My motherboard has the same soundchip. Just go to Realtek, d/l the latest drivers and you'll be all set. There is no quality loss using analog, in fact it's superior. The people buying the DTS soundcards want better sound for home theater. They are not gaming cards.
post #9 of 11
What's the downside for gaming with something like an X-Meridian?
post #10 of 11
I have a HTPC that I do a little gaming on, however, I do watch DVD's most as well as listen to music. I plan, hopefully by the end of the year, to have a combo HD DVD/Blu-Ray drive as well.

Ideally, I would love to run just one fiber optic cable from my PC to my Yamaha receiver. DD/DTS is a much for movies, and stereo sound is desired for music. Would the cards that encode DDL/DTS on-the-fly provide this as well as surround sound for the games I do play over TOSlink (fiber optic)?

I currently have an MSI P6N Diamond motherboard with built-in Sound Blaster X-fi, however, it will NOT pass DD/DTS over fiber optic nor coaxial.

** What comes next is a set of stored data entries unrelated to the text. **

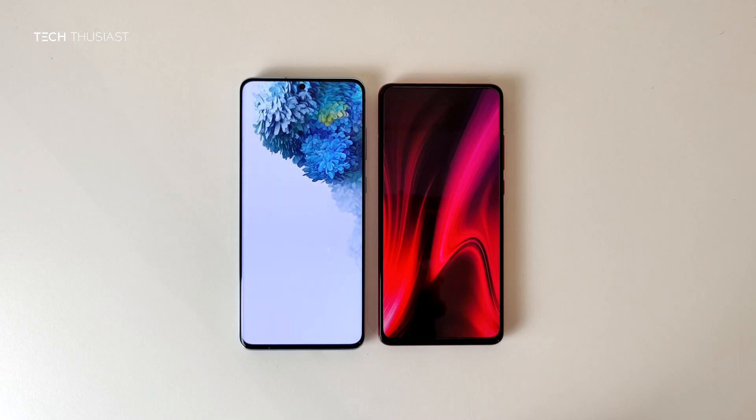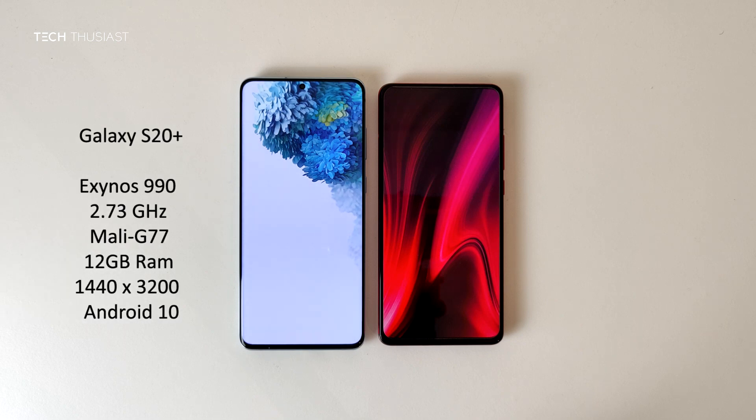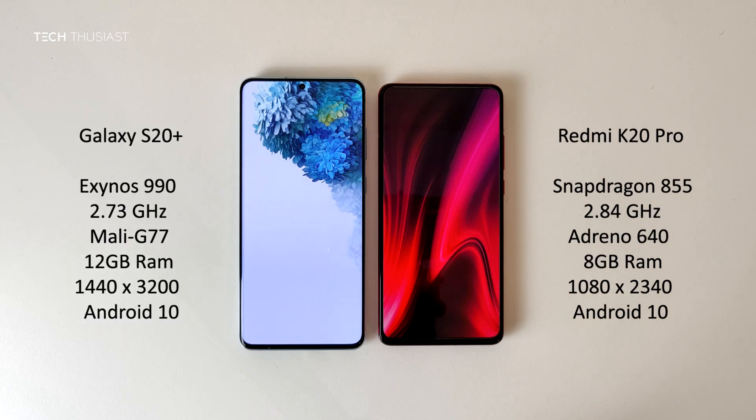What is going on everybody, Techthusiast here, and this is the Antutu benchmark comparison between the Samsung Galaxy S20 Plus against the Redmi K20 Pro. We have the new Exynos 990 CPU versus the Snapdragon 855, 12 gigabytes of RAM versus 8, and the rest of the specs you can see on the sides. With that being said, let's get started.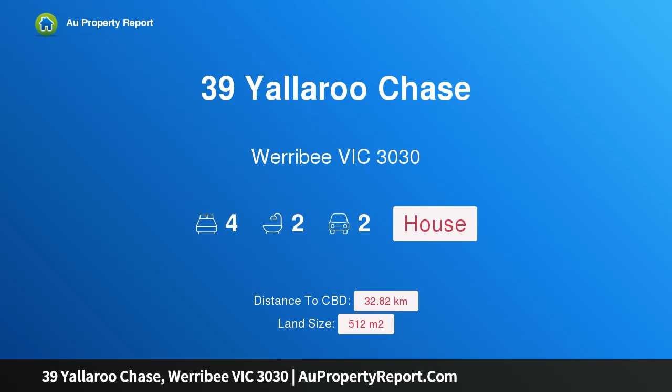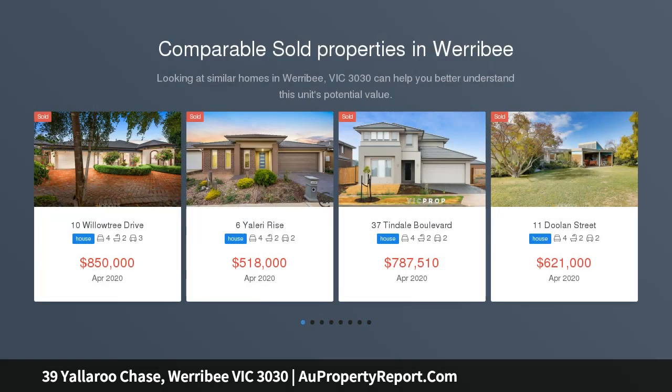Hi, I am glad to introduce Property 39 Yallaroo Chase, Werribee Victoria 3030, happily ever after.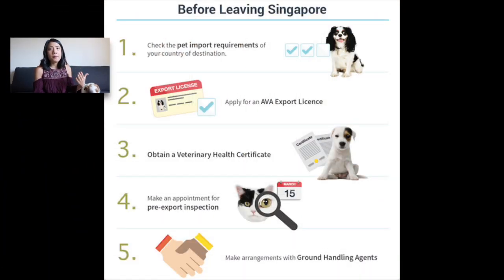The first thing to think about is the requirements from both countries. For Milo, I flew him from Singapore, so I had to go through AVA — the government body that handles exporting and importing animals. If you're flying your pet from Singapore, go to the AVA website, click the 'Exporting Your Pet' tab, and they have a whole list of steps and documents you need to prepare. I'll link everything below.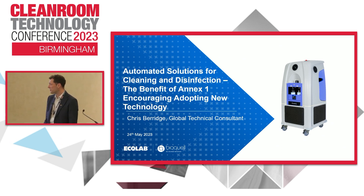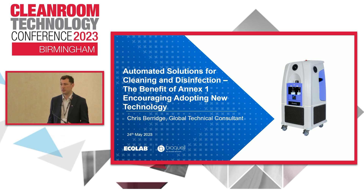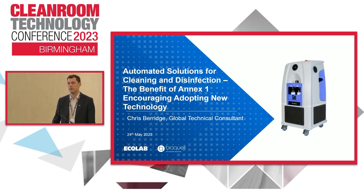As I was just briefly introduced, I'm essentially giving a presentation today about automated bio decontamination and specifically how it links to Annex 1. That's essentially the premise of the topic. I'll run through a few of the different technologies available, try and make a comparison between them, explain a bit about how the process is validated, and how we get a repeatable decontamination.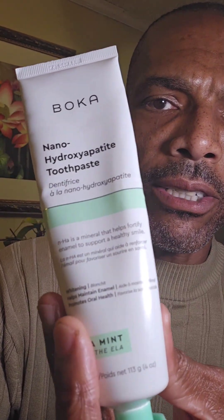I found this on Amazon, so you can just follow the affiliate link down at the bottom of the post to find it. It's Boca — the flavor that I'm using right now I really love. It's not too sweet. Really nice, gentle mint tea chamomile flavor. They call it Ella Mint.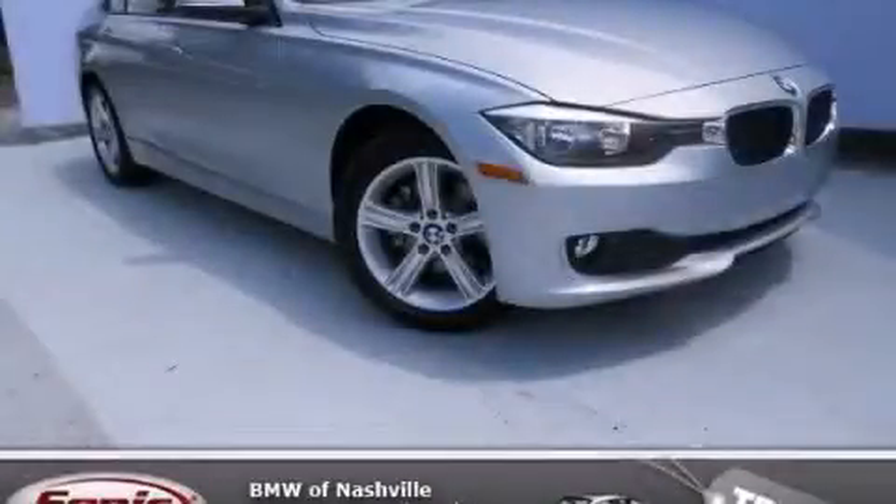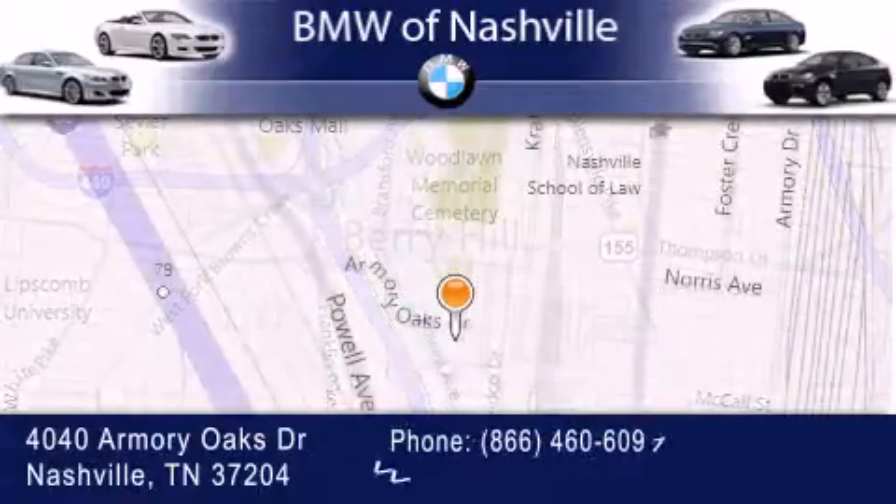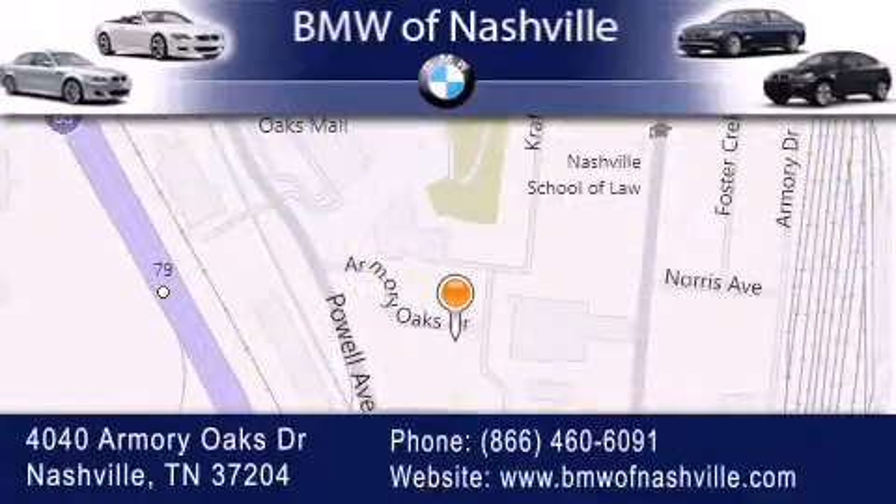We invite you to contact us today to learn more about this vehicle. BMW of Nashville is located at 4040 Armory Oaks Drive in Nashville. Our goal is to exceed all of your expectations to ensure that you'll return for future visits.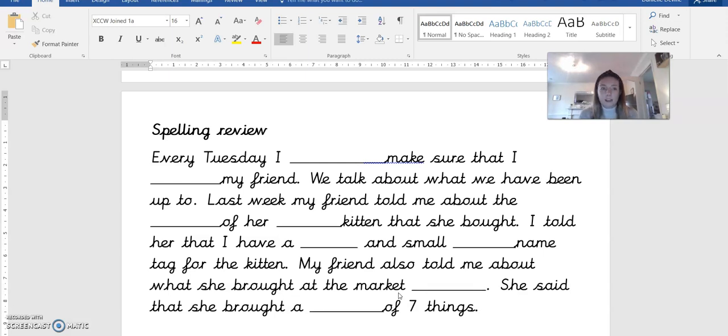Okay, I'll read it through all together and you can check that you've got all of the spellings. Every Tuesday I always make sure that I call my friend. We talk about what we've been up to. Last week my friend told me about the arrival of her small kitten that she bought. I told her that I have a ball and a small metal name tag for the kitten. My friend also told me about what she bought at the market stall. She said that she bought a total of seven things.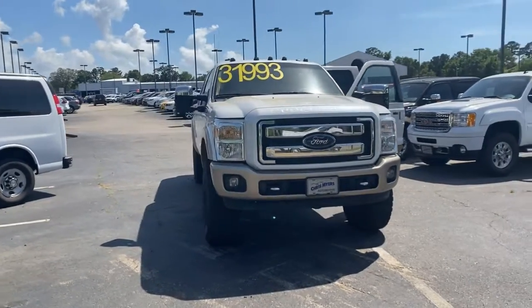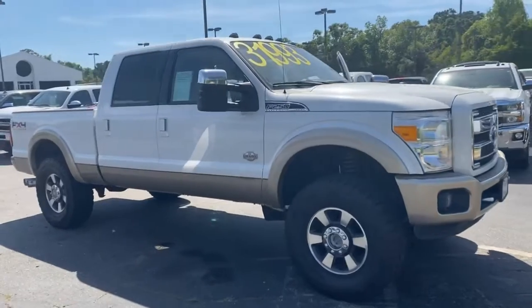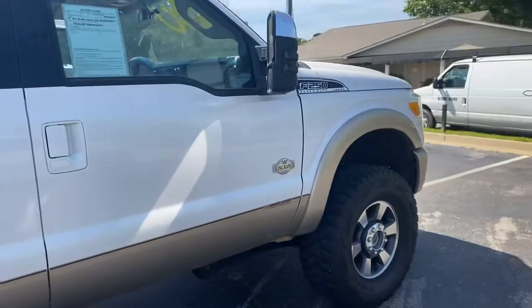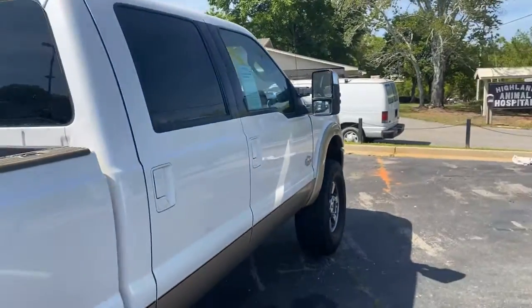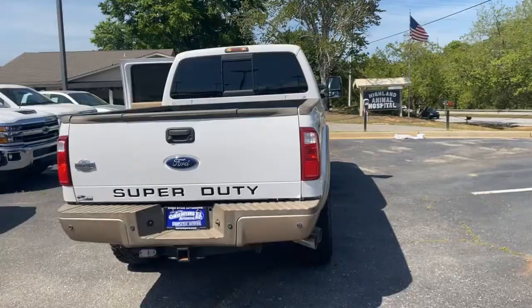Welcome to Chris Myers Auto Mall. The Ford F Series has been the best-selling truck in North America for over 33 years. Right now we have a beautiful, well-kept 2011 Ford F-250 King Ranch 4x4 Crew Cab in stock and ready to take you and your crew anywhere you want to go.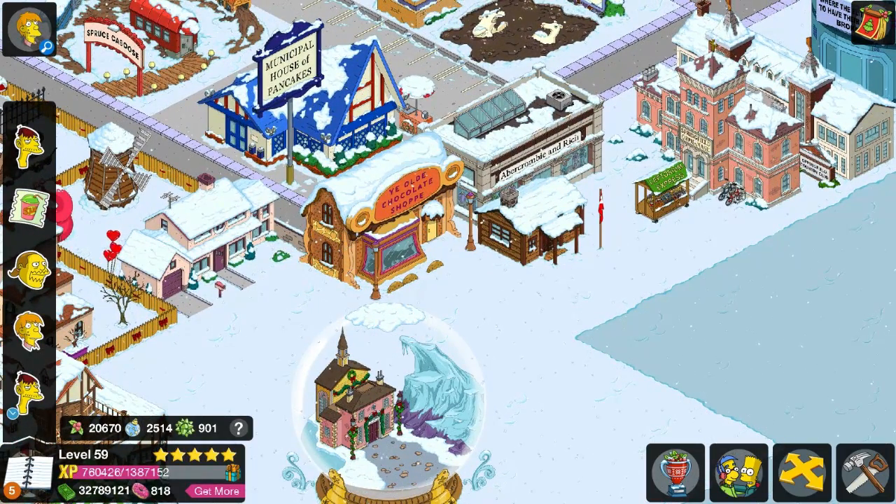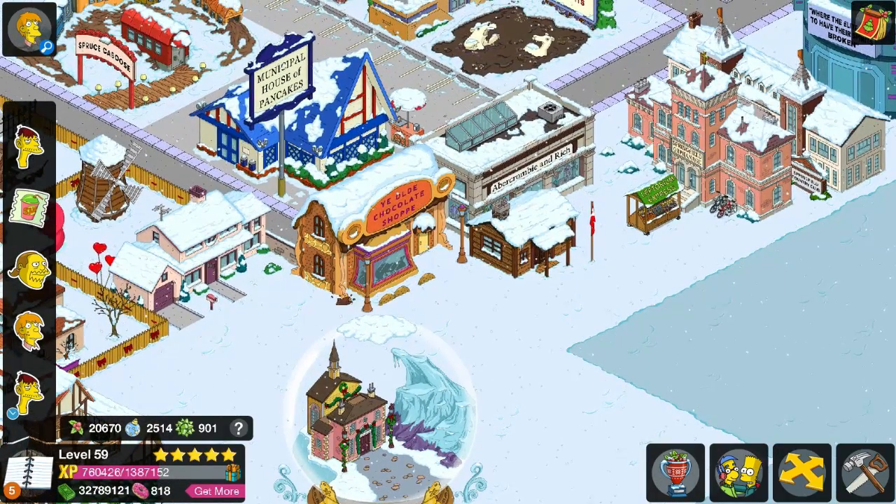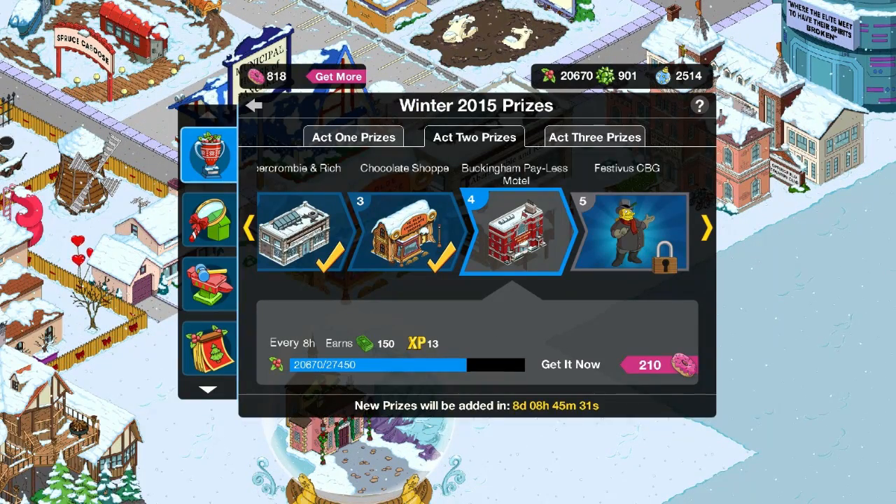It's a very classic building that we all know and love, and it's really cool we finally got it in the game. So that's pretty much it for that particular prize. The next prize is going to be the Buckingham Payless Motel. And then Festivus, and on to Act 3, which I actually seriously cannot wait for.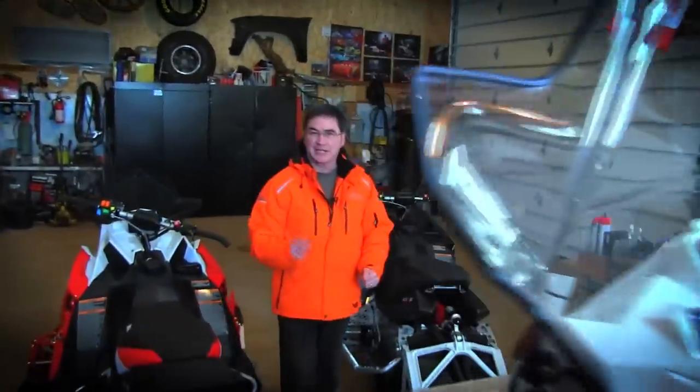Welcome to Snowmobiler Television. On today's episode our test riders will take out some 2015 2-up sleds. The folks at Triton Trailers will go over the latest in trailer technology, and the folks at Kempax show.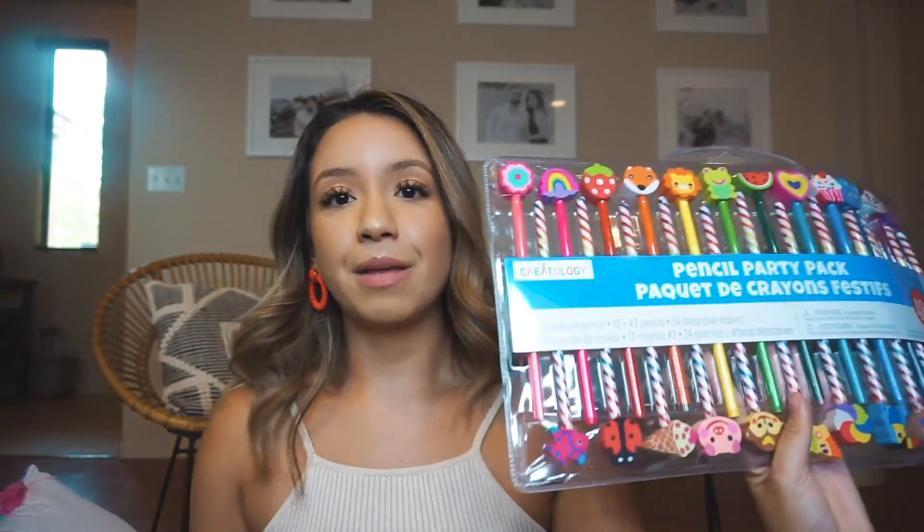Moving right along to Michael's stuff — I bought this pencil party pack. These are all colored pencils, which I did not realize when I bought them. I thought they were going to be regular pencils, but I bought these to give out to students on their birthday. I still have a lot of fun pencils in my classroom, so I can swap out the colored pencils for regular ones. I also bought this huge roll of bulletin board border in white — it's the crinkle kind. I do have a bulletin board border template on TPT that I used a lot last year.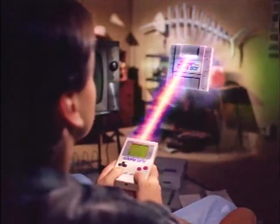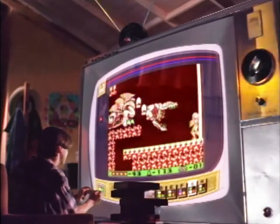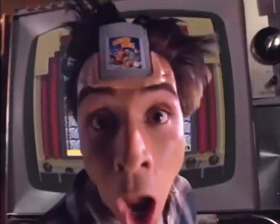Brace yourself. It's Super Game Boy from Nintendo. Play your Game Boy games on the Super NES in living color. Even choose your own color combinations. Play all 350 Game Boy games. How does that strike you?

I am trying to decide if I should get a new card or use analog to my receiver.
post #11 of 11
Quote:
Originally Posted by ferrisg View Post

What's the downside for gaming with something like an X-Meridian?

No EAX 3,4 5 other then that nothing. I use the X-mustique, X-plosion and X-meridian in all my builds for HT and gaming. Great cards. The newest card X-Fi Prelude from Auzentech supports all the Creative EAX since it has a Creative chip in it also, but drivers are coming for DD Live and DTS Connect.